The Unicode Odyssey · Chapitre 7

Normalization: When Equal Isn't Equal

Two strings that look identical might not be equal. This chapter explains the four Unicode normalization forms (NFC, NFD, NFKC, NFKD), canonical equivalence, and compatibility decomposition.

~4 500 mots · ~18 min de lecture · · Updated

Here is a riddle: two strings look identical on screen, produce identical output when printed, and yet compare as unequal using ==. No compiler warning, no runtime error — just silent inequality that causes database uniqueness violations, search failures, and authentication bugs. This is the normalization problem, and it sits at the intersection of Unicode's greatest strength (flexible character composition) and its greatest practical hazard.

The Root of the Problem: Multiple Representations

Unicode allows many characters to be represented in more than one way. The most common case involves precomposed characters (a single codepoint representing a base character plus diacritic) versus decomposed representations (the same character as a base character followed by a combining diacritic).

The letter "é" can be: - Precomposed: U+00E9 (LATIN SMALL LETTER E WITH ACUTE) — one codepoint - Decomposed: U+0065 U+0301 (LATIN SMALL LETTER E + COMBINING ACUTE ACCENT) — two codepoints

Both render identically. Both are valid Unicode. But they are byte-for-byte different, and string comparison in most programming languages compares bytes or codepoints, not semantics.
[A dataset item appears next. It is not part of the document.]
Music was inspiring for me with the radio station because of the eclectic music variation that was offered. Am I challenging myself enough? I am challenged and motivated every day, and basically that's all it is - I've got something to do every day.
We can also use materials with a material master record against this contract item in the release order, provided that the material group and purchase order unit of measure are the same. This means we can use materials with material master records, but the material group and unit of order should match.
e1 = "\\u00e9"          # precomposed é
e2 = "e\\u0301"         # decomposed e + combining acute

print(e1)               # é
print(e2)               # é (visually identical)
e1 == e2                # False (!)
len(e1)                 # 1
len(e2)                 # 2

This problem appears in real systems constantly. A user registers with username "café". They try to log in — and the system says the username doesn't exist, because their keyboard or clipboard produced a different normalization than the registration form. A database receives the same word in different normalizations from different clients and stores what appear to be duplicates.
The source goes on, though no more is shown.